Tutorial 1. Controlling a basic experiment using MeasurementControl#

See also

The complete source code of this tutorial can be found in

Tutorial 1. Controlling a basic experiment using MeasurementControl.ipynb

Introduction#

Following this Tutorial requires familiarity with the core concepts of Quantify, we highly recommended to consult the (short) User guide before proceeding (see Quantify documentation). If you have some difficulties following the tutorial it might be worth reviewing the User guide !

This tutorial covers the basic usage of Quantify focusing on running basic experiments using MeasurementControl. The MeasurementControl is the main Instrument in charge of running any experiment.

It takes care of saving the data in a standardized format as well as live plotting of the data during the experiment. Quantify makes a distinction between Iterative measurements and Batched measurements.

In an Iterative measurement, the MeasurementControl processes each setpoint fully before advancing to the next.

In a Batched measurement, the MeasurementControl processes setpoints in batches, for example triggering 10 samples and then reading those 10 outputs. This is useful in resource constrained or overhead heavy situations.

Both measurement policies can be 1D, 2D or higher dimensional. Quantify also supports adaptive measurements in which the datapoints are determined during the measurement loop, which are explored in subsequent tutorials.

This tutorial is structured as follows. In the first section we use a 1D Iterative loop to explain the flow of a basic experiment. We start by setting up a noisy cosine model to serve as our mock setup and then use the meas_ctrl to measure this. We then execute an analysis on the data from this experiment.
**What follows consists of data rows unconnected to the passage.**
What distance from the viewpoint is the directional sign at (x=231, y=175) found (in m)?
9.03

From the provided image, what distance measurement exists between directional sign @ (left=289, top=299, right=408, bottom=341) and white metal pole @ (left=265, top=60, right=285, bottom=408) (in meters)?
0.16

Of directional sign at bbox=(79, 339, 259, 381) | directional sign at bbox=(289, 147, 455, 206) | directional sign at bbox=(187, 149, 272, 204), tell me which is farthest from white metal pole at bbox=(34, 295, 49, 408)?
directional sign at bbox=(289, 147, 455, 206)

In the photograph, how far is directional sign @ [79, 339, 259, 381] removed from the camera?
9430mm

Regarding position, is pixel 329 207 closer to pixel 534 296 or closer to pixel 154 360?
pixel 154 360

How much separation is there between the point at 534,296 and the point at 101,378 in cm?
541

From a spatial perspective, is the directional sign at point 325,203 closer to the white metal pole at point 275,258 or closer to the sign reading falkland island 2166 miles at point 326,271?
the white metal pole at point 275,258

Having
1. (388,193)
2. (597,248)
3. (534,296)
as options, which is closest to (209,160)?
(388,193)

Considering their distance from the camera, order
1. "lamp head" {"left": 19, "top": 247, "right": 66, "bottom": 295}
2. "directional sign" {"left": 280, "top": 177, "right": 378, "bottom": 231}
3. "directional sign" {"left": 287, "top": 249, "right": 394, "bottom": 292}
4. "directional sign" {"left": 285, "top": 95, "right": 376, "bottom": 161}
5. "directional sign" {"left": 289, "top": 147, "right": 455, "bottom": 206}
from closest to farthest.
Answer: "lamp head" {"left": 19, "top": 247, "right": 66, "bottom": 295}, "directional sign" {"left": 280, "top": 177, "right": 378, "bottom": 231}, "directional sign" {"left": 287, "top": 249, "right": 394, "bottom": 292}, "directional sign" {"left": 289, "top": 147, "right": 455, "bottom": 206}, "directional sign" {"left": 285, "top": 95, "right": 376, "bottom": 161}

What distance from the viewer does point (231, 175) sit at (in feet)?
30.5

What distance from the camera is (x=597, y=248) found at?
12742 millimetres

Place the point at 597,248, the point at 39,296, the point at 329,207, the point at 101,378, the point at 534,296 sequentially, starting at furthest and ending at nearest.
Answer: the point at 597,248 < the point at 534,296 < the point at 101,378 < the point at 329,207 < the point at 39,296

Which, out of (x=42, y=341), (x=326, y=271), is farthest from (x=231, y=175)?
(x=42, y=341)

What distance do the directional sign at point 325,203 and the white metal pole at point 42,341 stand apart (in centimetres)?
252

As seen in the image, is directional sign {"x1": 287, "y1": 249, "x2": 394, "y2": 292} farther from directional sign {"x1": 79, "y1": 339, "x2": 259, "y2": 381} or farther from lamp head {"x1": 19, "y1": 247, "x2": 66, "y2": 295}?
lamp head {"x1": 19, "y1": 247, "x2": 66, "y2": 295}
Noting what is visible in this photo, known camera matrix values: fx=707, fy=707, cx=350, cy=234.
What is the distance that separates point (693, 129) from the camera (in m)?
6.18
Import modules and instantiate the MeasurementControl#

import numpy as np

import quantify_core.visualization.pyqt_plotmon as pqm
from quantify_core.analysis import base_analysis as ba
from quantify_core.analysis import cosine_analysis as ca
from quantify_core.data.handling import (
    default_datadir,
    set_datadir,
)
from quantify_core.measurement import MeasurementControl
from quantify_core.utilities.examples_support import mk_cosine_instrument
from quantify_core.utilities.experiment_helpers import create_plotmon_from_historical

from quantify_core.utilities.inspect_utils import display_source_code
from quantify_core.visualization.instrument_monitor import InstrumentMonitor

Before instantiating any instruments or starting a measurement we change the directory in which the experiments are saved using the set_datadir() [get_datadir()] functions.


⚠️ Warning!

We recommend always setting the directory at the start of the python kernel and stick to a single common data directory for all notebooks/experiments within your measurement setup/PC.

The cell below sets a default data directory (~/quantify-data on Linux/macOS or $env:USERPROFILE\\quantify-data on Windows) for tutorial purposes. Change it to your desired data directory. The utilities to find/search/extract data only work if all the experiment containers are located within the same directory.


set_datadir(default_datadir())  # change me!
Data will be saved in:
/root/quantify-data
meas_ctrl = MeasurementControl("meas_ctrl")

# Create the live plotting instrument which handles the graphical interface
# Two windows will be created, the main will feature 1D plots and any 2D plots will go to the secondary
plotmon = pqm.PlotMonitor_pyqt("plotmon")
# Connect the live plotting monitor to the measurement control
meas_ctrl.instr_plotmon(plotmon.name)

# The instrument monitor will give an overview of all parameters of all instruments
insmon = InstrumentMonitor("InstrumentMonitor")

Define a simple model#

We start by defining a simple model to mock our experiment setup (i.e. emulate physical setup for demonstration purposes). We will be generating a cosine with some normally distributed noise added on top of it.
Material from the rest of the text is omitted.